(Extracted records)
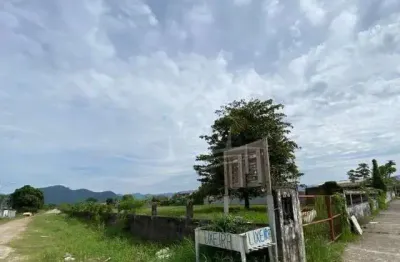 Terreno à venda no Porto Novo, Caraguatatuba 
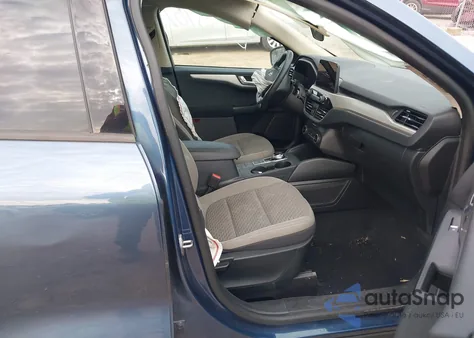 2020 Ford Escape Se z USA, uszkodzony, nr VIN 1FMCU9G60LUC45163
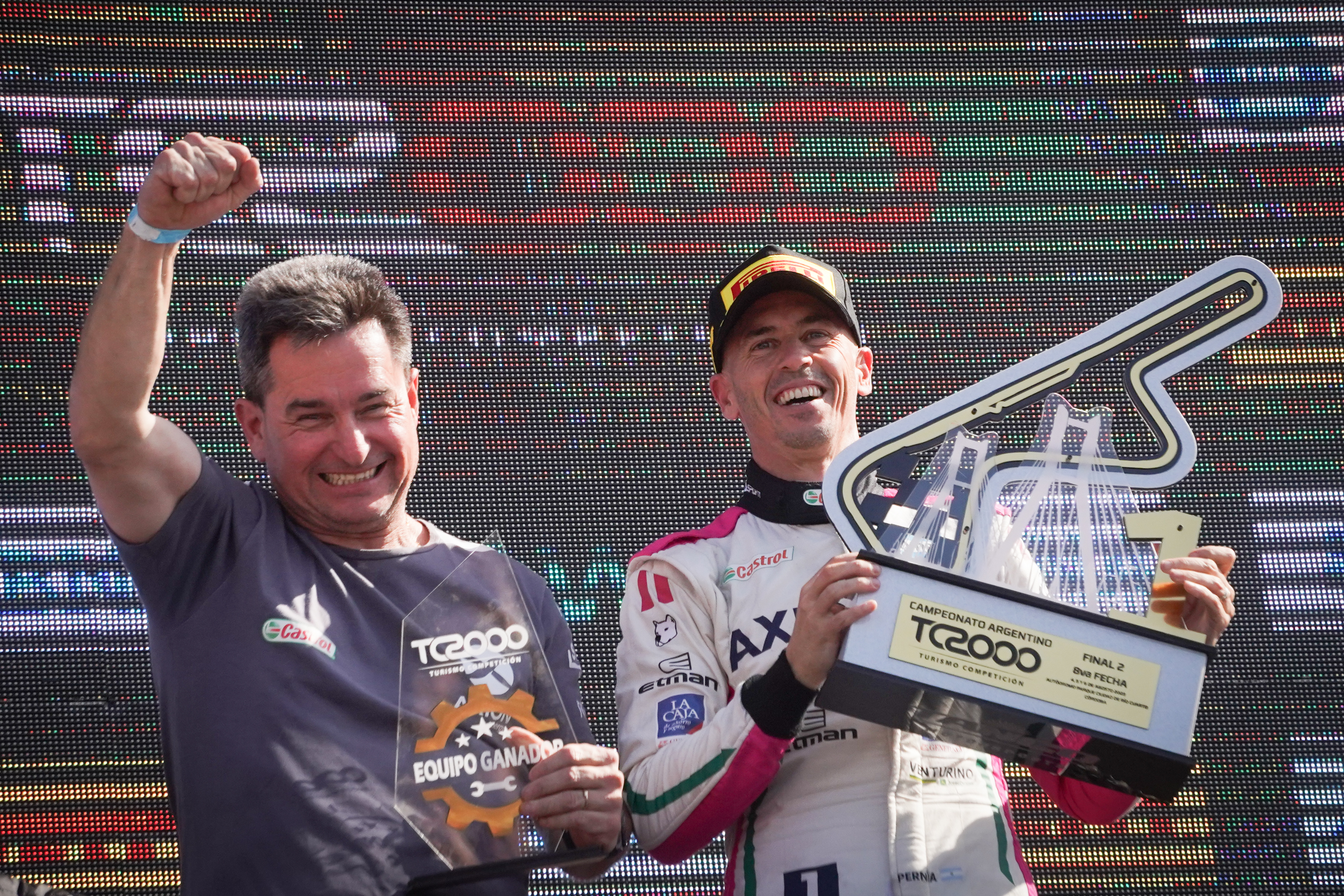 Las mejores postales del TC2000 en Río Cuarto: DSC02695.jpg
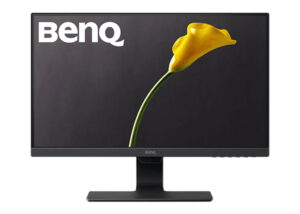 BenQ FullHD GW2283 el monitor perfecto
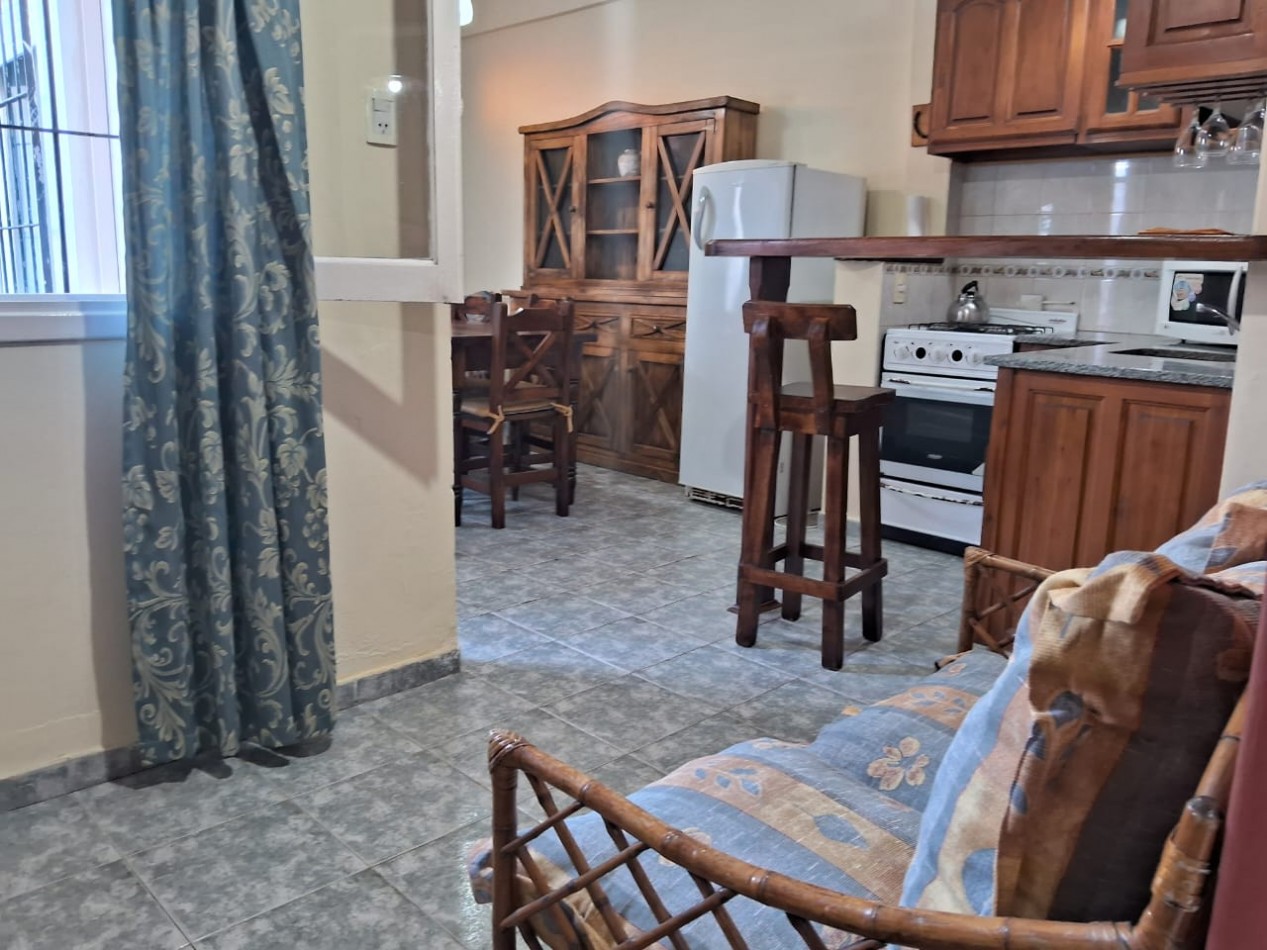 PH 3 AMB. CON PATIO ZONA CENTRO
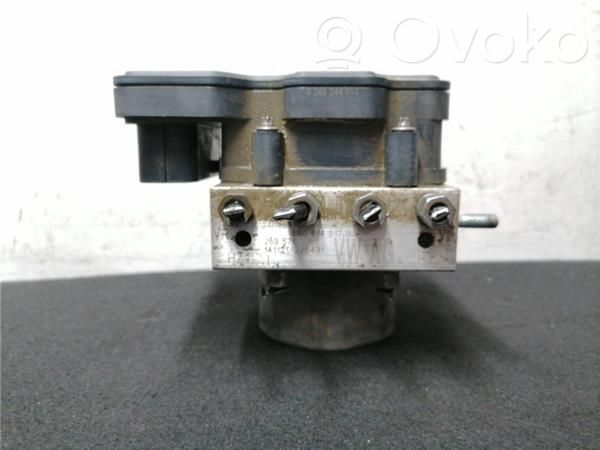 Seat Ibiza IV (6J,6P) Sterownik / moduł ABS 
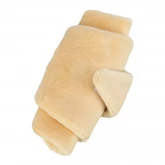 Игрушка "TRIXIE" для собак "Круассан" плюшевый, 40 см (арт.-33417)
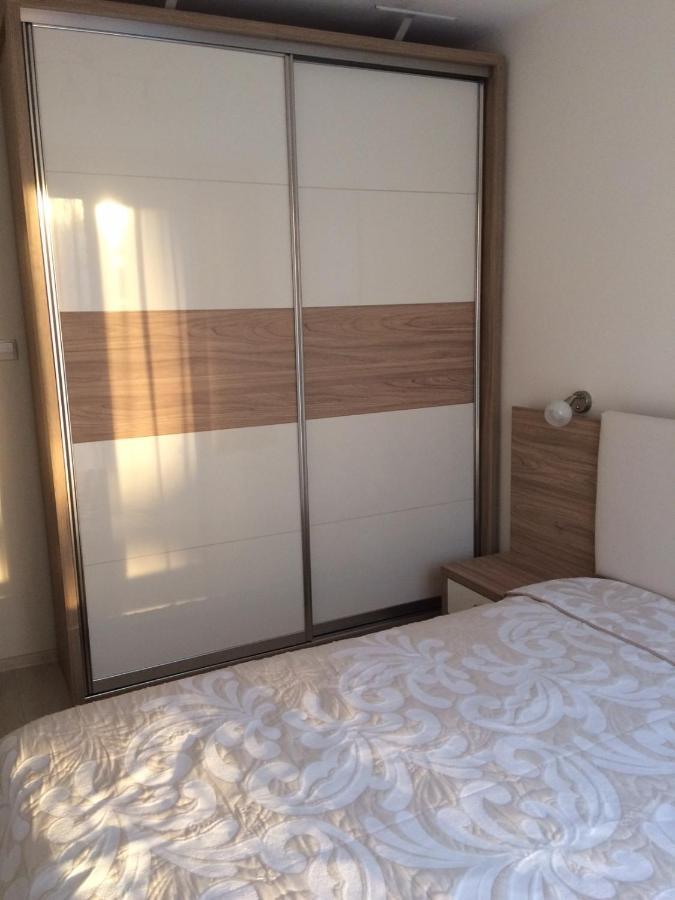 Апартамент Мони Burgas Exterior foto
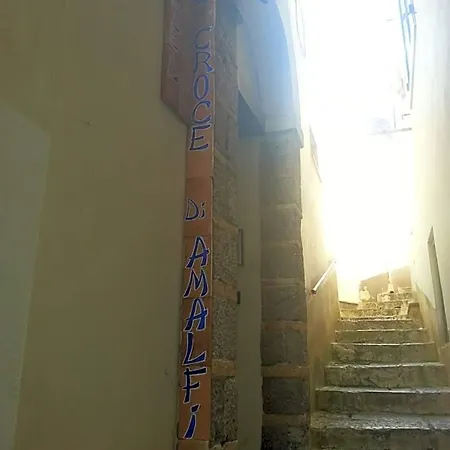 Croce Di Hotel Amalfi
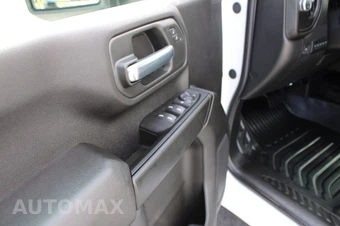 2026 GMC Sierra 2500HD Pro Extended Cab Long Bed 1SA - miniatura 27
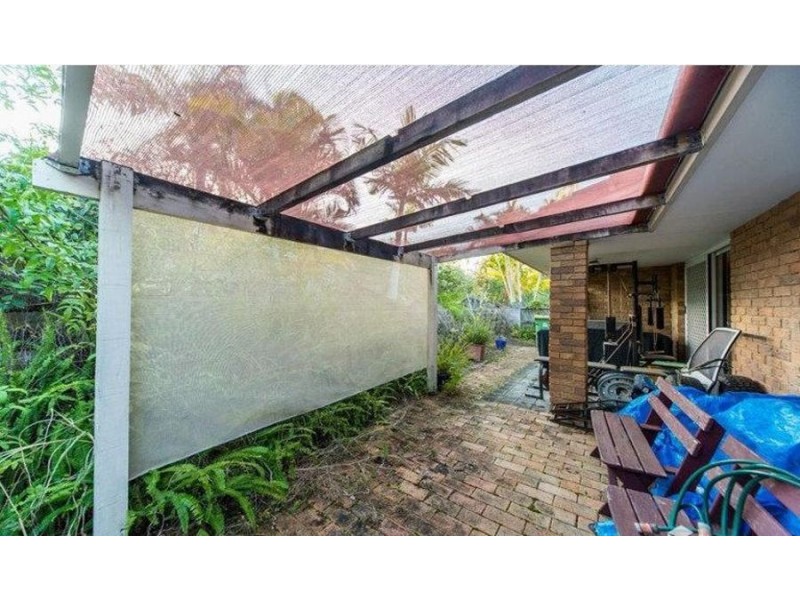 91/33 Edmund Rice Drive, Southport QLD 4215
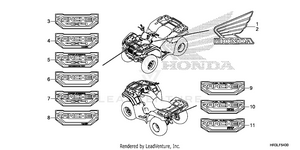 Mark Schematic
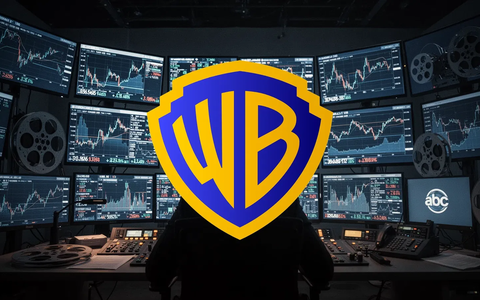 Warner Bros. Discovery Aktie: Politischer Zündstoff - Foto: über boerse-global.de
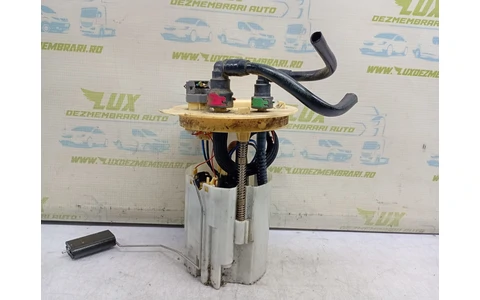 Pompa combustibil rezervor DG93-9H307-HE Ford Mondeo MK5 (2014 - 2020) - imagine 2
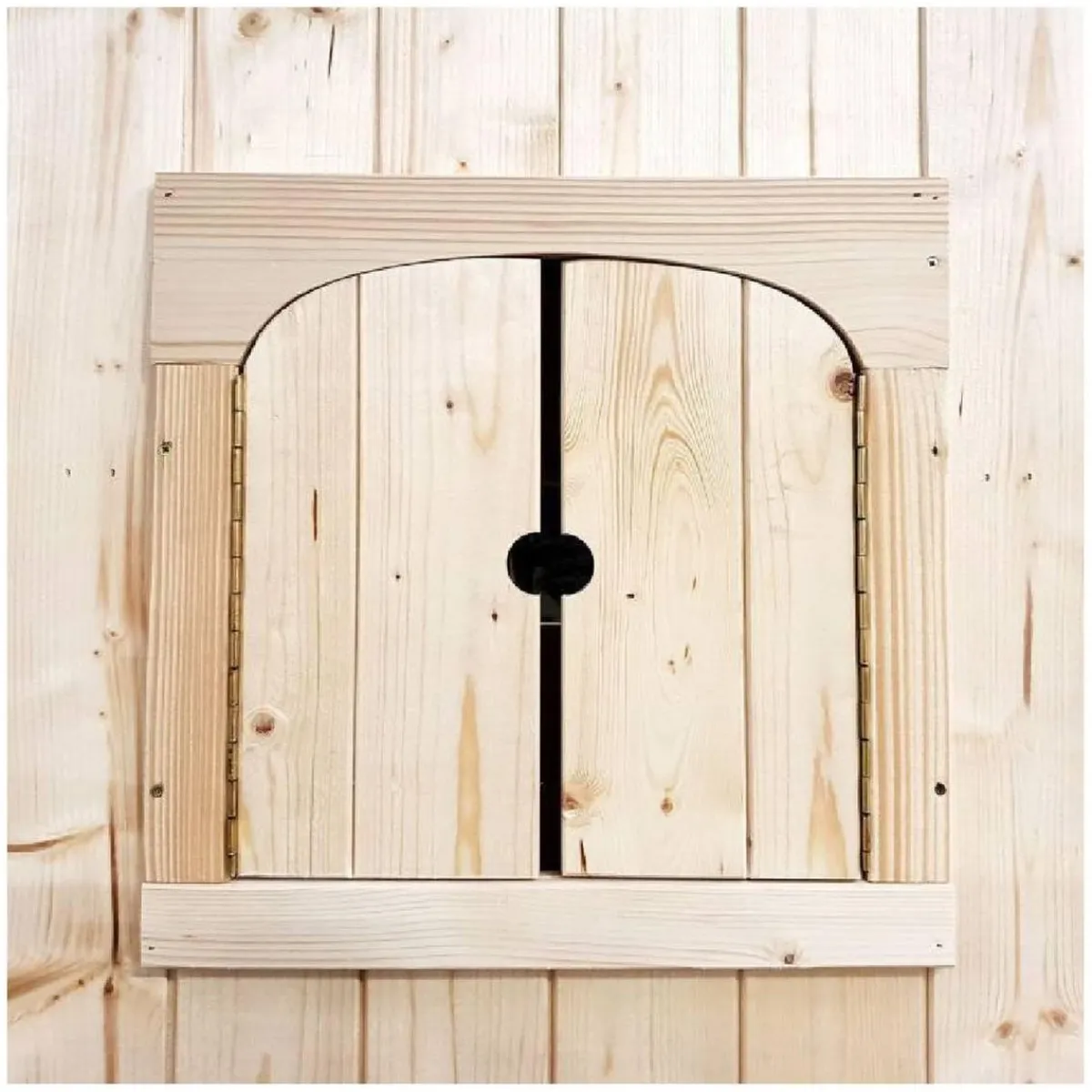 Sale Casa DUPLEX infantil de madera Carry Casas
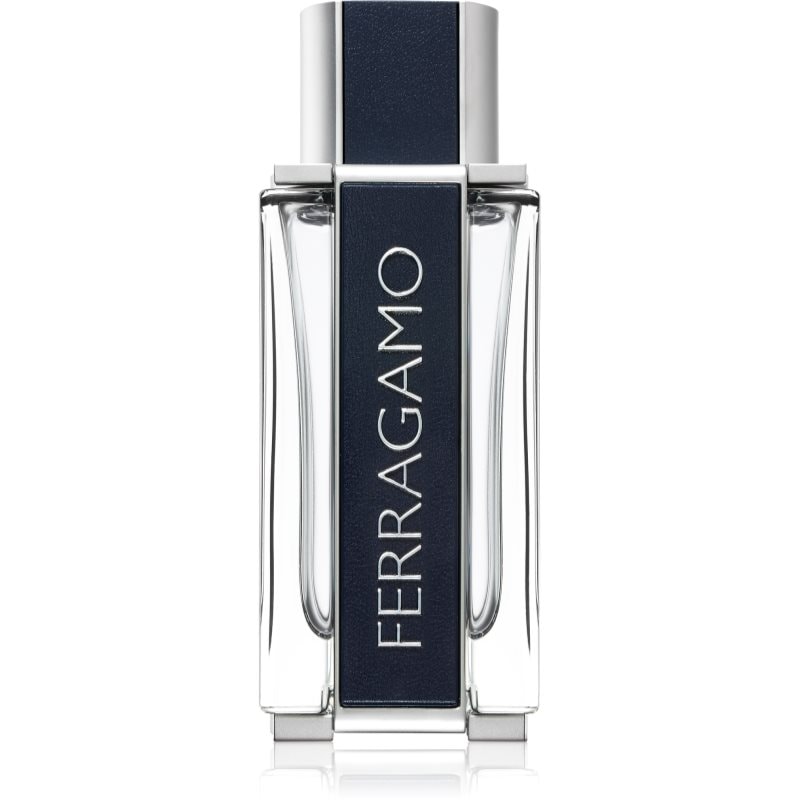 Ferragamo Ferragamo Ferragamo за мъже EDT - Мъжки парфюм 50мл - Сравни цени от 1 магазин с безплатна доставка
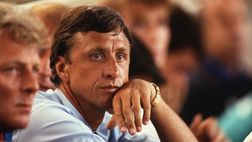 Pochi biglietti venduti: il Barcellona rinvia match in onore di Johan Cruyff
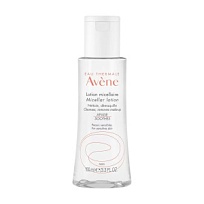 Купить: Avene 100 мл лосьон мицеллярный очищающий для снятия макияжа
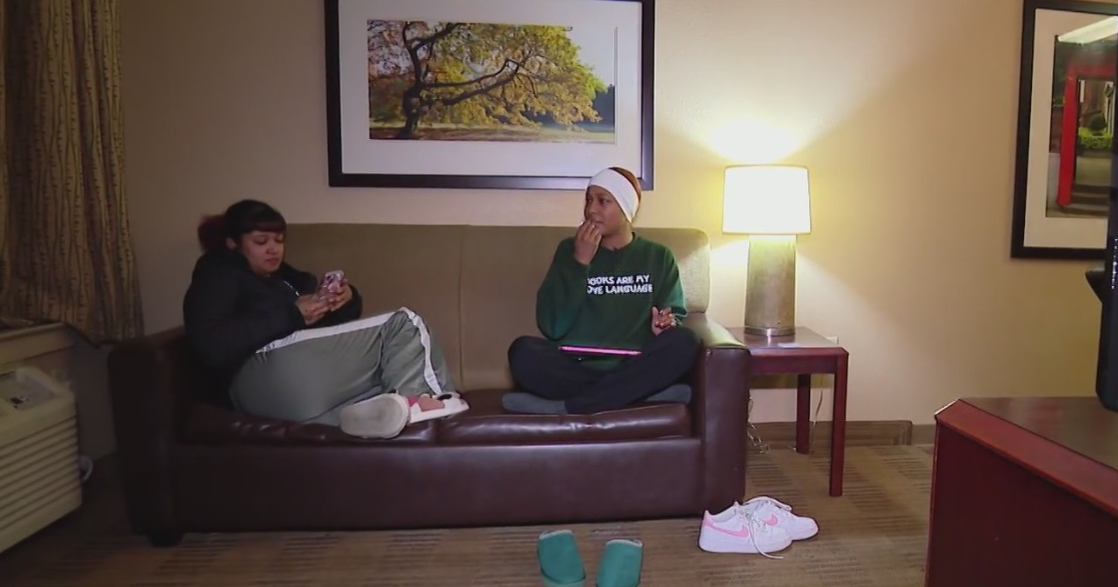 North Texas youth shelter strained during freezing weather, more young adults seeking help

Problem requirements.
Quote exactly, and nothing besides, the lines from the one with "BenQ FullHD GW2283 el monitor perfecto" through the end of the records above; include both ends and omit the pictures.

Written response.
 BenQ FullHD GW2283 el monitor perfecto
 PH 3 AMB. CON PATIO ZONA CENTRO
 Seat Ibiza IV (6J,6P) Sterownik / moduł ABS 
 Игрушка "TRIXIE" для собак "Круассан" плюшевый, 40 см (арт.-33417)
 Апартамент Мони Burgas Exterior foto
 Croce Di Hotel Amalfi
 2026 GMC Sierra 2500HD Pro Extended Cab Long Bed 1SA - miniatura 27
 91/33 Edmund Rice Drive, Southport QLD 4215
 Mark Schematic
 Warner Bros. Discovery Aktie: Politischer Zündstoff - Foto: über boerse-global.de
 Pompa combustibil rezervor DG93-9H307-HE Ford Mondeo MK5 (2014 - 2020) - imagine 2
 Sale Casa DUPLEX infantil de madera Carry Casas
 Ferragamo Ferragamo Ferragamo за мъже EDT - Мъжки парфюм 50мл - Сравни цени от 1 магазин с безплатна доставка
 Pochi biglietti venduti: il Barcellona rinvia match in onore di Johan Cruyff
 Купить: Avene 100 мл лосьон мицеллярный очищающий для снятия макияжа
 North Texas youth shelter strained during freezing weather, more young adults seeking help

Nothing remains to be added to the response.